--- Dataset content ---

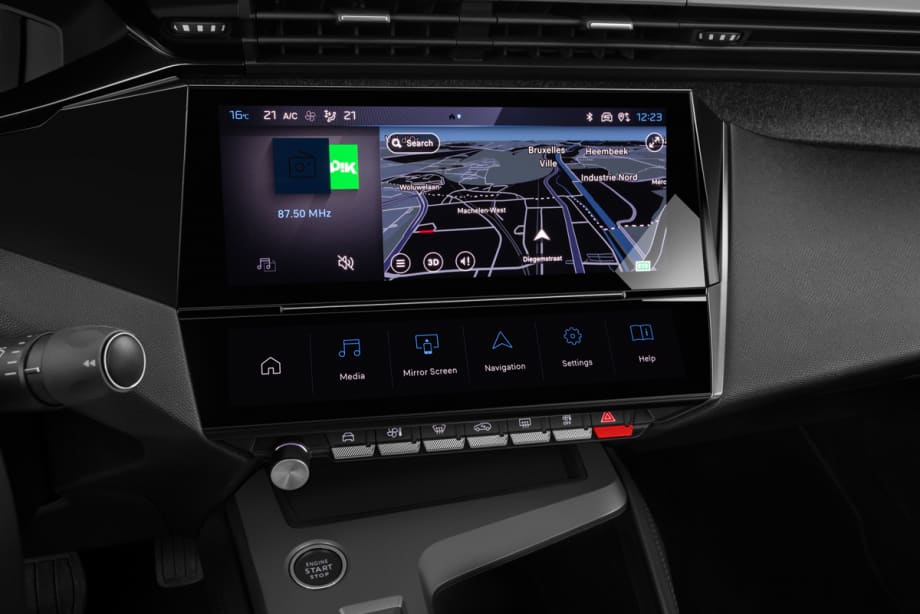 Peugeot 408 Hybrid undefined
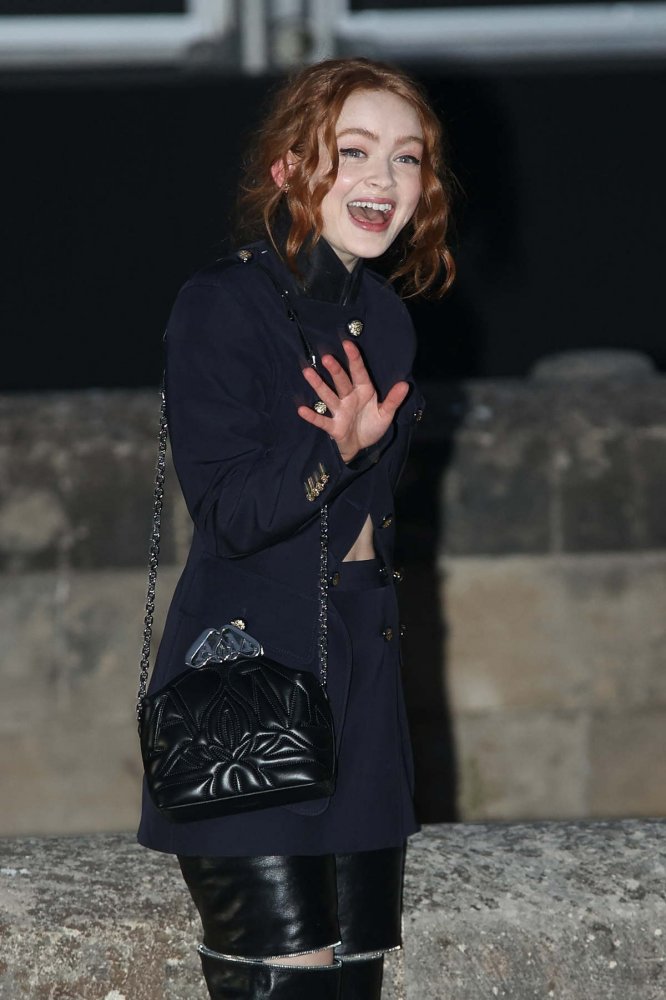 sadie-sink-attends-the-alexander-mcqueen-fw.jpg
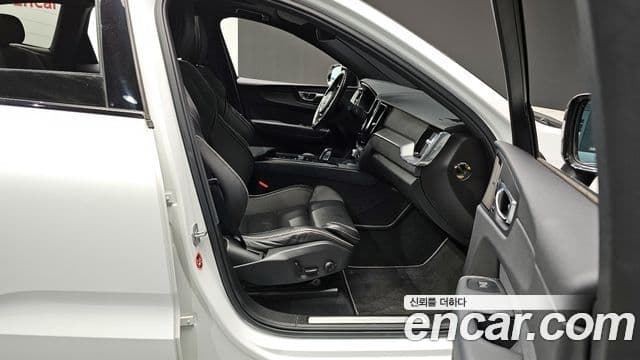 Volvo XC60 2020 — ფოტო 11/20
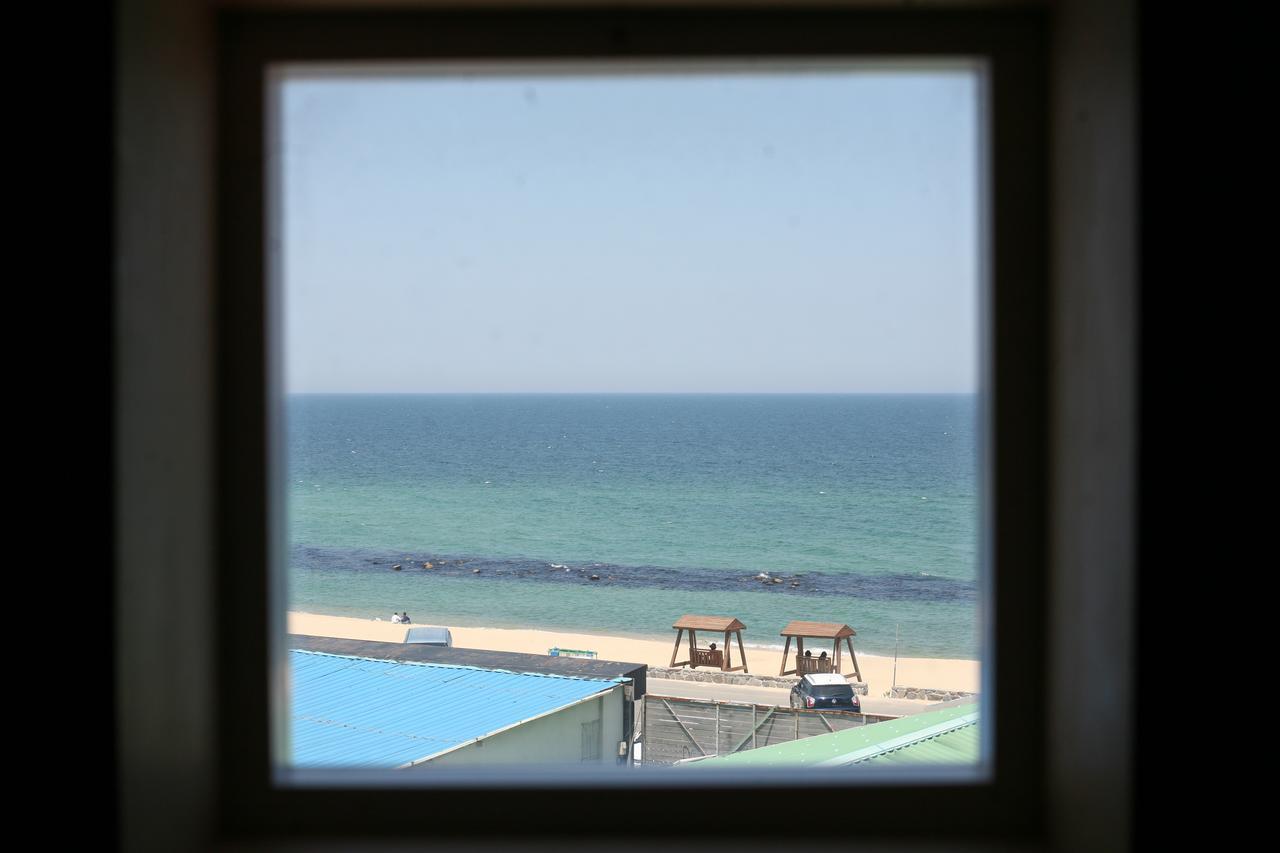 Hotel Capsule In Gangneung Extérieur photo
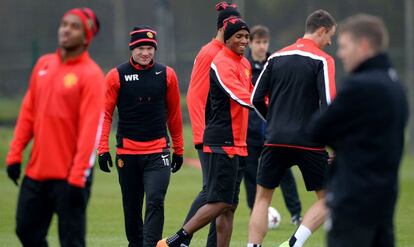 Wayne Rooney, segundo por la izquierda, participa con sus compañeros en un ejercicio del entrenamiento.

---

▶ _Prompt_: Word for word, reproduce all the data, but not the pictures.

▶ _Written solution_:
 Peugeot 408 Hybrid undefined
 sadie-sink-attends-the-alexander-mcqueen-fw.jpg
 Volvo XC60 2020 — ფოტო 11/20
 Hotel Capsule In Gangneung Extérieur photo
 Wayne Rooney, segundo por la izquierda, participa con sus compañeros en un ejercicio del entrenamiento.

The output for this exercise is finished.